His upbringing in the deadly swamps taught him lessons no parent could soften. Survival demanded cruelty, and hesitation meant being dragged beneath black water by unseen mouths. Predators stalked openly, and the land itself punished weakness with venom, disease, and slow drowning. Right and wrong dissolved into irrelevance; there was only what lived another day and what did not. Over time, his mind fractured along those lines, empathy sloughed away like dead skin, and thought became purely functional. The swamp did not reward mercy, and so Vexorion learned to excise it from himself.
That lesson was sealed the night his village died. Fire tore through reed-huts and bone charms alike, and screams vanished into the fog as if the swamp had finally grown tired of listening. His parents were among the dead, whether by blade, beast, or betrayal, he never learned. He emerged from the aftermath an orphan not just of family, but of meaning, left to wander Dagobah alone. Hunger hollowed him, fear sharpened him, and solitude finished the work the swamp had begun. He became feral in thought, methodical in movement, a ghost-child haunting the ruins of something that had once pretended to be civilization.
In his teen years, the universe revealed a deeper cruelty. Slavers came to Dagobah seeking the desperate and the broken, and they found Vexorion. Shackled and dragged from the only hell he understood, he was sold and resold, forced to serve master's whose voices dripped with ownership. He obeyed because survival required it, but in silence, he planned. Every order, every insult, every lash was cataloged, each master marked for death in elaborate mental rehearsals. Hatred became his private sustenance, richer than food, sharper than hope.
It was in chains that the Dark Side fully claimed him. Pain tore open pathways in the Force, and rage flooded through them, intoxicating and vast. The Dark Side did not comfort him; it clarified him, whispering that the universe had always been hostile, and that he was simply learning its language. Enslavement stripped away the last remnants of restraint, forging him into something deliberate and monstrous. When he finally broke free, he did not seek justice or freedom: only continuation. His purpose crystallized with horrifying simplicity: to eradicate the living, not merely for profit, but for entertainment, as both tribute and mockery to a cosmos that had taught him one immutable truth, existence was a mistake, and he would be its correction.
P E R S O N A L I T Y
Vexorion's personality is not merely cruel; it is cosmological in its contempt. He regards all living things as a clerical error in the universe, a swarm of breathing static polluting the silence that should have reigned after creation's first mistake. To him, flesh is an insult: warm, fragile, and obscenely hopeful. His hatred was not loud at first; it was ancient, tidal, and patient, the way a dying star despises the planets that dare orbit it. When he looks upon life, he did not see individuals or even species, only motion where there should have been stillness, noise where there should have been silence.

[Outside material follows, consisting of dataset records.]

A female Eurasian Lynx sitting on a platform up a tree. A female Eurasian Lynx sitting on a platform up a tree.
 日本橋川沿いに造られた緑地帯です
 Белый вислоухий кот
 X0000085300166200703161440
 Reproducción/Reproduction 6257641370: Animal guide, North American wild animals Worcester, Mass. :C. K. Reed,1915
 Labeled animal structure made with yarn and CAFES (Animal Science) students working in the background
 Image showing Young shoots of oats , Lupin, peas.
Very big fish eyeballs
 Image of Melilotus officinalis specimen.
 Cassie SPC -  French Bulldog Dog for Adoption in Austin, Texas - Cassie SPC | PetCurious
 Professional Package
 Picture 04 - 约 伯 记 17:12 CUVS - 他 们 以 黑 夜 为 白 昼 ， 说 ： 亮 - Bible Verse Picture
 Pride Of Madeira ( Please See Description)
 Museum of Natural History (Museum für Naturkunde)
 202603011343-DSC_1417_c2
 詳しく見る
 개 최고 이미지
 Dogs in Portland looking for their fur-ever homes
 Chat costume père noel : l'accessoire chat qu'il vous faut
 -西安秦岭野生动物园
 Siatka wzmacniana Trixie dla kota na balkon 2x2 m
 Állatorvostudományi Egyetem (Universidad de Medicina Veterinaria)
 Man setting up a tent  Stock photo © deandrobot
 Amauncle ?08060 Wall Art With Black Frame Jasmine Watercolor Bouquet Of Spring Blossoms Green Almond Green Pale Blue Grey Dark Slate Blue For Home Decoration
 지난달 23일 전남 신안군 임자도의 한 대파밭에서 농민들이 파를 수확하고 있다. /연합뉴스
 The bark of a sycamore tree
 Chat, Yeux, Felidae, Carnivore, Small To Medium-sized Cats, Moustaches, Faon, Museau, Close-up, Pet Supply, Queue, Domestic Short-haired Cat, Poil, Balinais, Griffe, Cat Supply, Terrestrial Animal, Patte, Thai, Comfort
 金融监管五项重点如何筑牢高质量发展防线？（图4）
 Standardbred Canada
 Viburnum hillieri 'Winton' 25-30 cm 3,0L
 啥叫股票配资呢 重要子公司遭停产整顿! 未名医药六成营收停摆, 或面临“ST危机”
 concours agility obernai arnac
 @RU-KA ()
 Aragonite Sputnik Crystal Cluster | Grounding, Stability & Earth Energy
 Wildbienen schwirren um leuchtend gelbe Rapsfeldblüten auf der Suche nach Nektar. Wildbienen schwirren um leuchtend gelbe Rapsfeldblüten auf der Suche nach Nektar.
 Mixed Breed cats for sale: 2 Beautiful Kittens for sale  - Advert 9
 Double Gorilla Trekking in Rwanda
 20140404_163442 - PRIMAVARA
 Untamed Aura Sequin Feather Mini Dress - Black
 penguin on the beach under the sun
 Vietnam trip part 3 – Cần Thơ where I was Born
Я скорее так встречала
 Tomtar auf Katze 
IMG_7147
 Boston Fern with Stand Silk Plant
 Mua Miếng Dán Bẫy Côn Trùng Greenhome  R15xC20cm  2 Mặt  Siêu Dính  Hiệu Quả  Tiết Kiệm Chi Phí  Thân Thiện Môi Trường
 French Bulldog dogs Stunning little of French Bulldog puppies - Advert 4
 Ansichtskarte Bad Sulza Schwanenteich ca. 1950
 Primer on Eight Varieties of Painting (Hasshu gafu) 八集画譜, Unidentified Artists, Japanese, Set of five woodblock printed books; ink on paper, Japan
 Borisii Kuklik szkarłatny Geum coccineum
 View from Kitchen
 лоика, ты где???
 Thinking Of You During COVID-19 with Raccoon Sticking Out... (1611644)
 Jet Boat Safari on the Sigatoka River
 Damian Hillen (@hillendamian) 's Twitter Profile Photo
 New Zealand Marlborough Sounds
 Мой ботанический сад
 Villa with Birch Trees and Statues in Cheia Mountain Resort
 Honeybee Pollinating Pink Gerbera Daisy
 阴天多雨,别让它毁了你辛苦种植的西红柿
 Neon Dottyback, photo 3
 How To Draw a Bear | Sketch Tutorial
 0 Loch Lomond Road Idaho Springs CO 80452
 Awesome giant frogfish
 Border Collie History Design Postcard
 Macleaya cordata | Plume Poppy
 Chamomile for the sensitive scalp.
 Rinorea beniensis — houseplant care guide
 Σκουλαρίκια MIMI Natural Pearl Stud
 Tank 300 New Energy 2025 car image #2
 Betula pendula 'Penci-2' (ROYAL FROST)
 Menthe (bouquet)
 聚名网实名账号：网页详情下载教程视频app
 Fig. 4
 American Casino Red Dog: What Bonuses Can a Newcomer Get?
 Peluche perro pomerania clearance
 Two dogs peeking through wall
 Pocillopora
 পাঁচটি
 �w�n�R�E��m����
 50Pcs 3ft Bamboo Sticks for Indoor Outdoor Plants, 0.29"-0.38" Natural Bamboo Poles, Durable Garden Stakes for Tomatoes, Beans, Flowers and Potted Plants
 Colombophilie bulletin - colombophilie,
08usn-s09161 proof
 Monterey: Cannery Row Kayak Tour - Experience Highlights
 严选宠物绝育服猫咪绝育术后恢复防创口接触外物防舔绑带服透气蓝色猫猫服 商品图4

Murder, for Vexorion, is neither impulse nor necessity but devotion. He pursues it with the reverence of a priest and the precision of an astronomer charting an eclipse centuries in advance. Each death is a small correction to the universe, a note of harmony restored to a discordant cosmos. He savors the act not for its immediacy, but for the lingering awareness it leaves behind; the knowledge that something once was and now would never be again. In those moments, he feels closest to truth, as if the universe itself leaned nearer to watch through his eyes, approving in its infinite silence.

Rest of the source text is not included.